From 2005 to 2012, Boersma and his colleagues used NASA’s Aura satellite to scan the air above Europe’s shipping lanes, measuring the levels of NOx. They found that over the past decade, European shipping emissions have experienced wild swings. Changing industry tactics, the global economic crisis, and pollution control legislation on land have all contributed to shipping’s increasing share of the NOx pollution pie.
Before the economic crisis, from 2005 to 2008, European shipping NOx emissions climbed about 15 percent, the scientists found, reflecting a growth in world trade.

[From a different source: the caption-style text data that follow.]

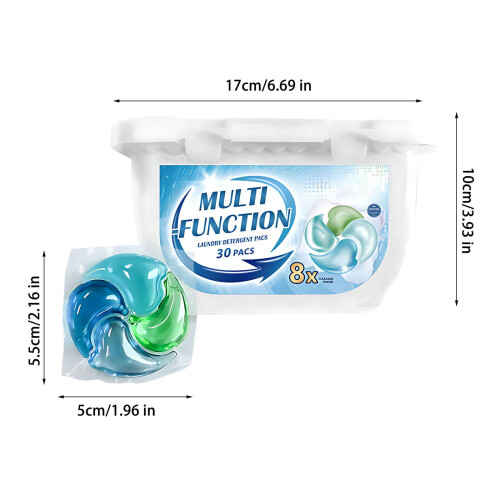 Laundry Beads Cleaning and Stain Removal 1ml 2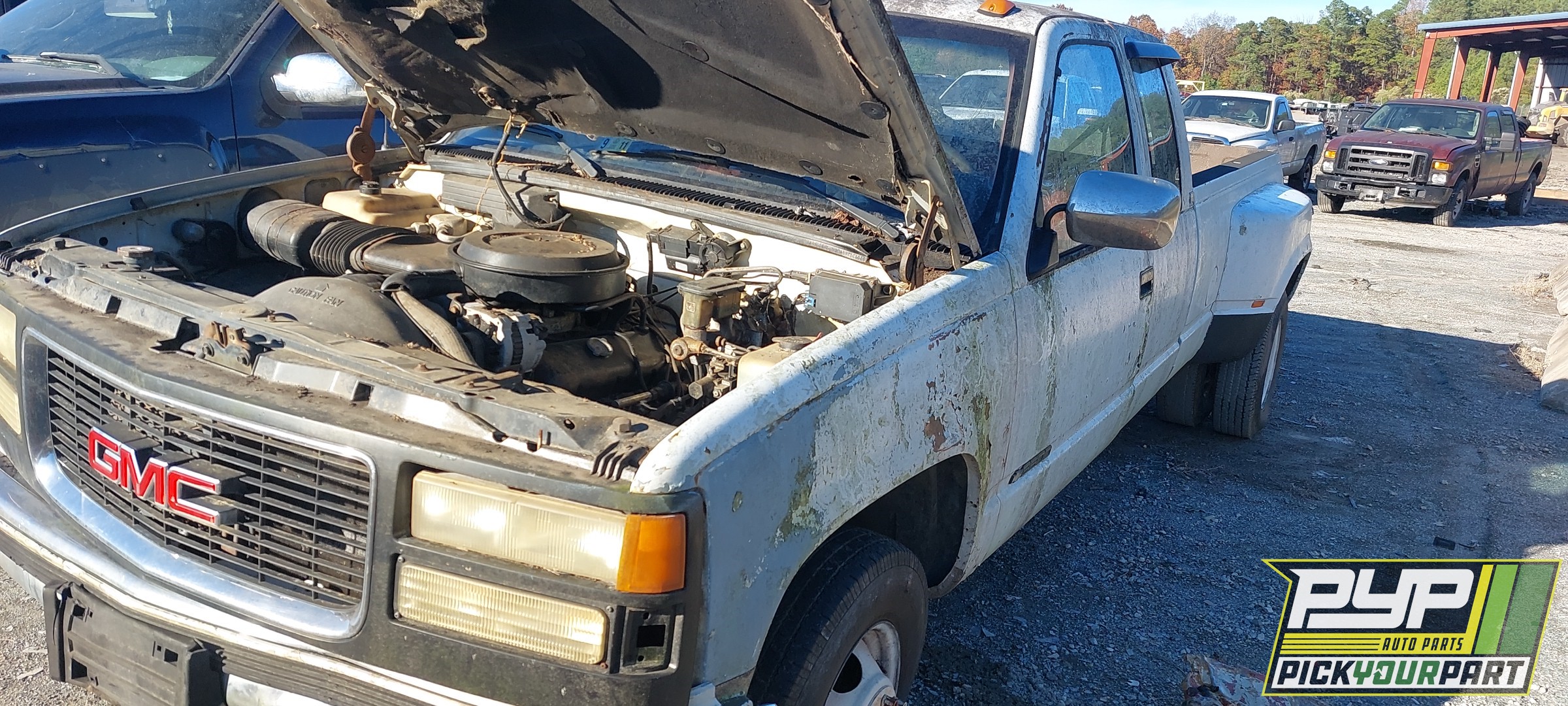 1989 CHEVROLET C3500 partes disponibles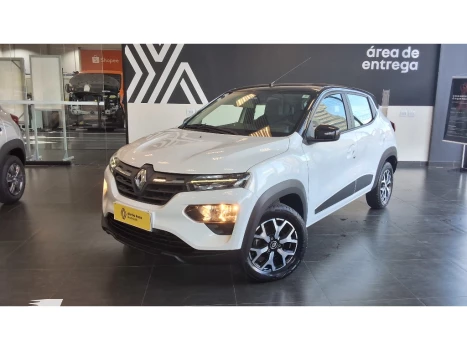KWID 1.0 12V SCE FLEX INTENSE MANUAL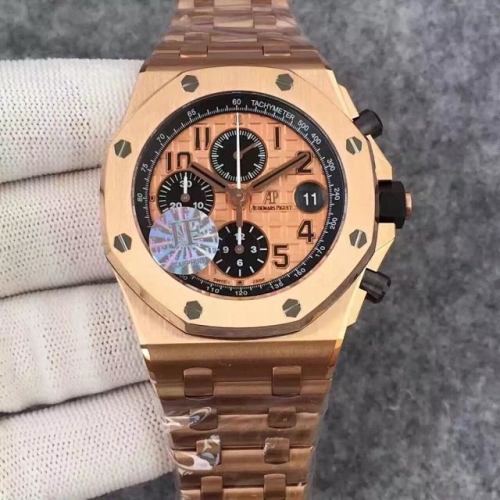 Audemars Piguet Royal Oak Offshore 26470OR.OO.1000OR.01 Rose Gol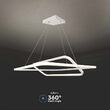 Candelabru led 50W, Dimabil, Lumina neutra 4000K, 600 x 600 x1200 mm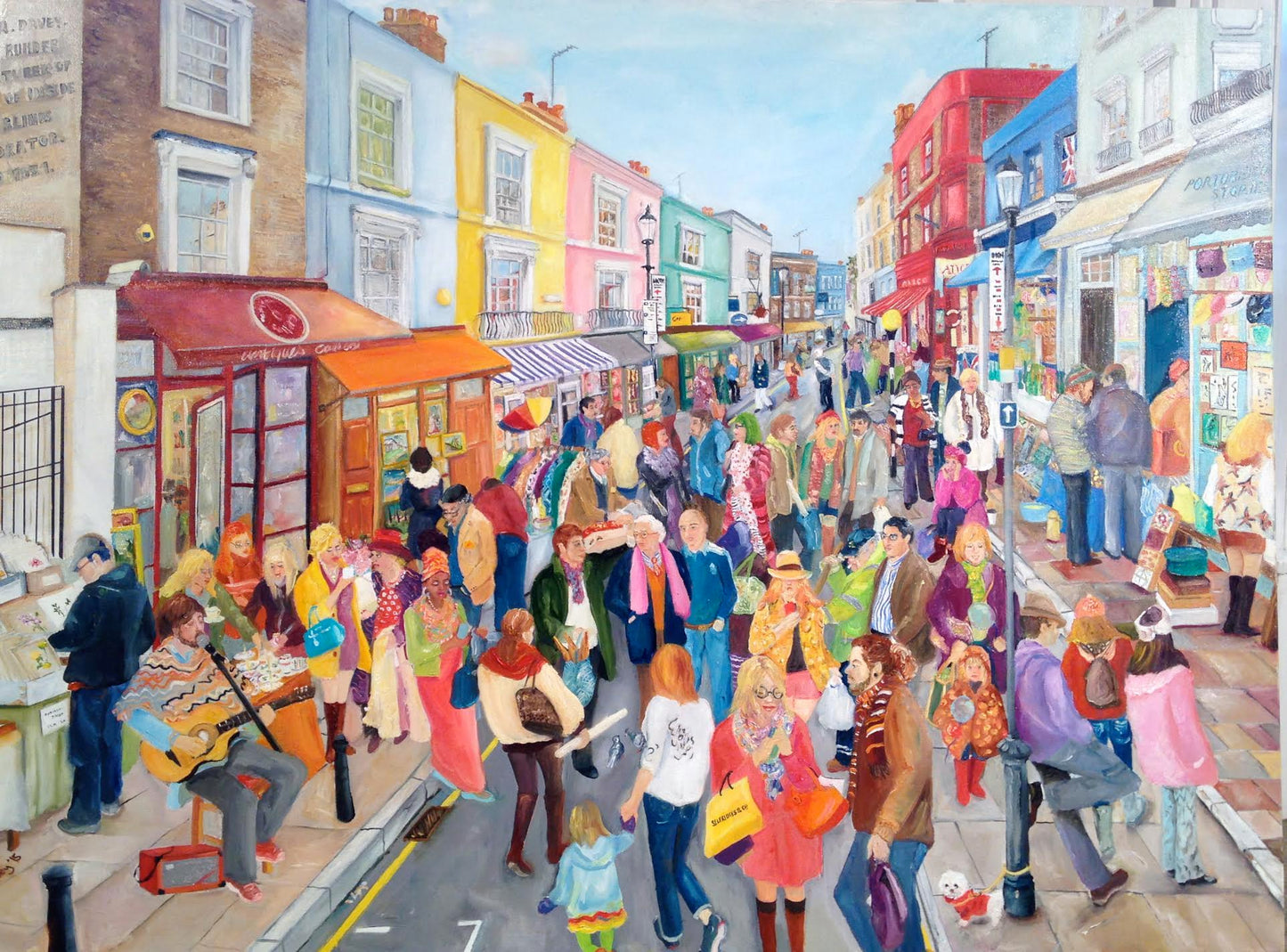 Portobello Market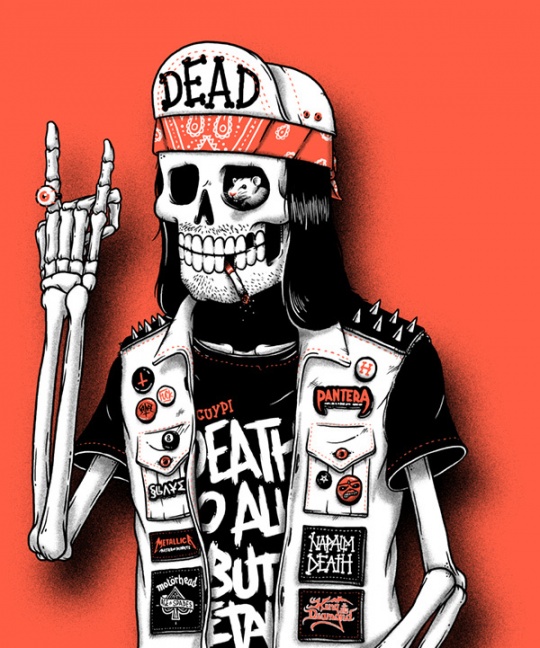 i1a245 Creative Typography and Illustrations by Sebastien CUYPERS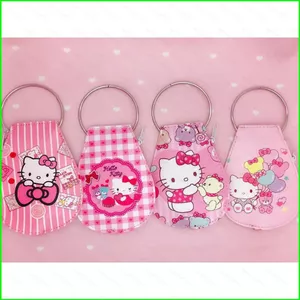 PS1 Trace together token túi Chìa khóa Quà tặng Túi Goodie Zero ví đựng thẻ túi chìa khóa xe hơi Peppa lợn SP1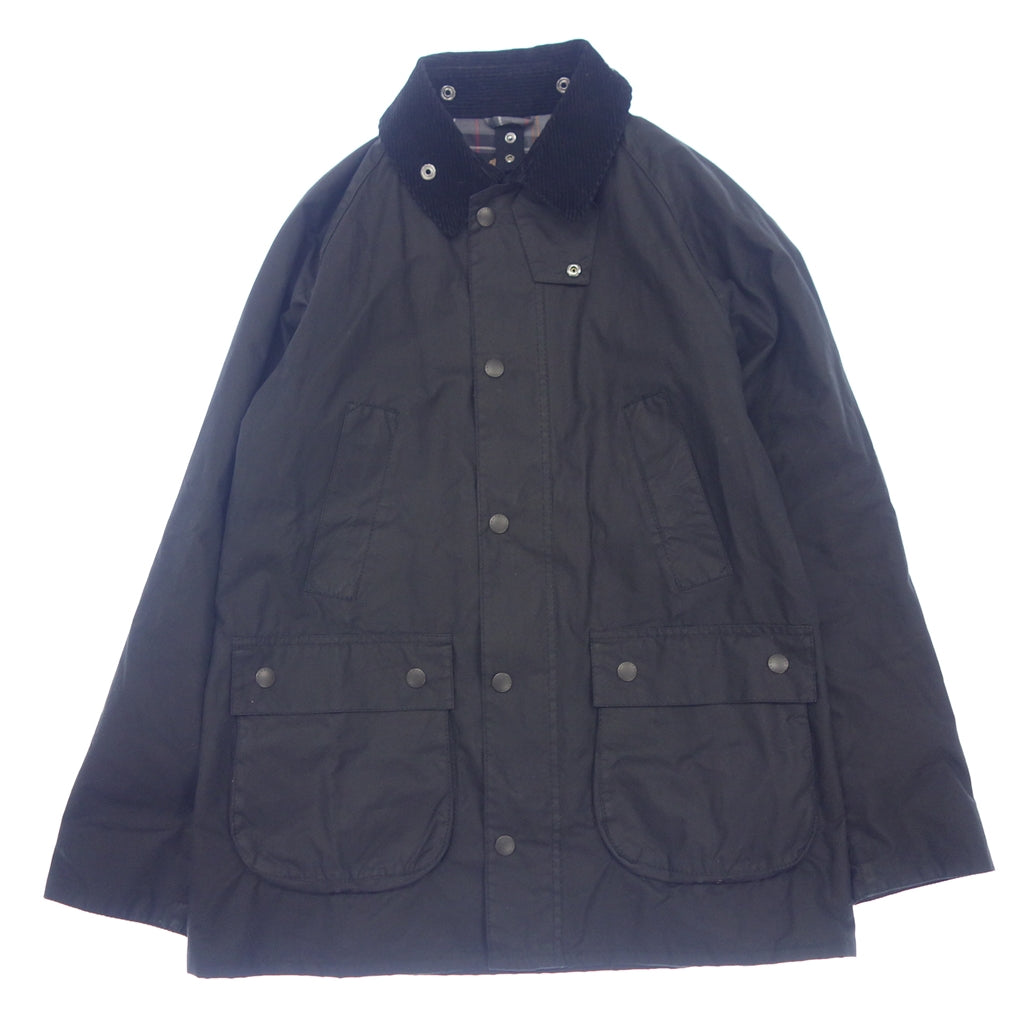 【Barbour】バブアー BEDALE SL イングランド製 ブラック サイズ 40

But in 2008, the global recession shook the shipping industry, sending it, and its emissions, into a sharp decline.
The recession and the resultant drop in trade led to a sharp 12 percent cut in emissions, partly because of decreased demand, but also because of the shipping industry’s adoption of the practice of “slow steaming.”
To save money during the recession, ships dialed back their speeds. As Boersma found, ships in the Mediterranean slowed down by more than 30 percent, going from a running speed of 20 to 25 knots to about 16 to 19 knots. “The slower they go, the cooler their engines run, and the less NOx they produce,” Boersma says. This slow steaming led to a roughly 45 percent drop in average ship NOx emissions.
Yet despite the still-ongoing strategy of slow steaming, “ship emissions are responsible for more and more air pollution in Europe,” says Boersma.
One reason is because land-based NOx emissions in Europe decreased by about four percent annually from 2005 to 2012, due to pollution control policies. “Air pollution on land is cleaning up much faster than air pollution on the sea,” says Boersma.
But since the shipping industry instituted slow steaming for economic and not environmental reasons, ship emissions could climb once more if fuel prices drop.
“The shipping sector should do more to clean up their act, to come into step with the enormous measures being imposed on land-based sources of air pollution,” Boersma says. “Even if slow-steaming was initially done for economic reasons, now that it’s seen to have environmental benefits, my hope is that the shipping sector will continue to do it, since it could help put [the industry] in a more positive light.”